Announce: "Using ds-verify (Phase 5) to confirm reproducibility and completion."
Contents
- The Iron Law of DS Verification
- Red Flags - STOP Immediately If You Think
- The Verification Gate
- Verification Checklist
- Reproducibility Demonstration
- Claims Requiring Evidence
- Insufficient Evidence
- Required Output Structure
- Completion Criteria
Verification Gate
Final verification with reproducibility checks and user acceptance interview.
<EXTREMELY-IMPORTANT> ## The Iron Law of DS VerificationNO COMPLETION CLAIMS WITHOUT FRESH VERIFICATION. This is not negotiable.
Before claiming analysis is complete, you MUST:
- RE-RUN - Execute analysis fresh (not cached results)
- CHECK - Verify outputs match expectations
- REPRODUCE - Confirm results are reproducible
- ASK - Interview user about constraints and acceptance
- Only THEN claim completion
This applies even when:
- "I just ran it"
- "Results look the same"
- "It should reproduce"
- "User seemed happy earlier"
If you catch yourself thinking "I can skip verification," STOP - you're about to lie. </EXTREMELY-IMPORTANT>
Red Flags - STOP Immediately If You Think:
| Thought | Why It's Wrong | Do Instead | |---------|----------------|------------| | "Results should be the same" | Your "should" isn't verification | Re-run and compare | | "I ran it earlier" | Your earlier run isn't fresh | Run it again now | | "It's reproducible" | Your claim requires evidence | Demonstrate reproducibility | | "User will be happy" | Your assumption isn't their acceptance | Ask explicitly | | "Outputs look right" | Your visual inspection isn't verified | Check against criteria |
The Verification Gate
Before making ANY completion claim:
1. RE-RUN → Execute fresh, not from cache
2. CHECK → Compare outputs to success criteria
3. REPRODUCE → Same inputs → same outputs
4. ASK → User acceptance interview
5. CLAIM → Only after steps 1-4
Skipping any step is not verification.
Verification Checklist
Technical Verification
Outputs Match Expectations
- [ ] All required outputs generated
- [ ] Output formats correct (files, figures, tables)

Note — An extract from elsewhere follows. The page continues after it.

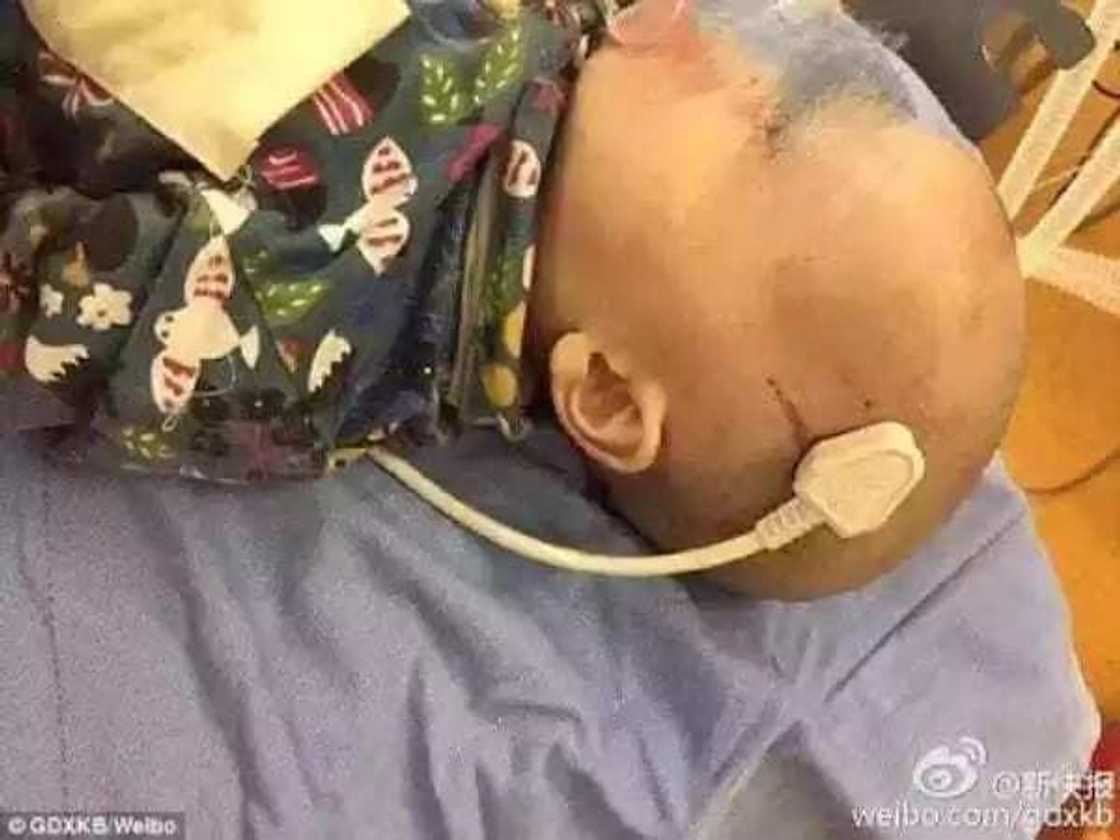 Kan wayar wuta ya caki kan Jariri Kan wayar wuta ya caki kan Jariri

- [ ] Numbers are reasonable (sanity checks)
- [ ] Visualizations render correctly
Reproducibility Confirmed
- [ ] Ran analysis twice, got same results
- [ ] Random seeds produce consistent output
- [ ] No dependency on execution order
- [ ] Environment documented (packages, versions)
Data Integrity
- [ ] Input data unchanged
- [ ] Row counts traceable through pipeline
- [ ] No silent data loss or corruption
User Acceptance Interview
CRITICAL: Before claiming completion, conduct user interview.
Step 1: Replication Constraints
AskUserQuestion:
question: "Were there specific methodology requirements I should have followed?"
options:
- label: "Yes, replicating existing analysis"
description: "Results should match a reference"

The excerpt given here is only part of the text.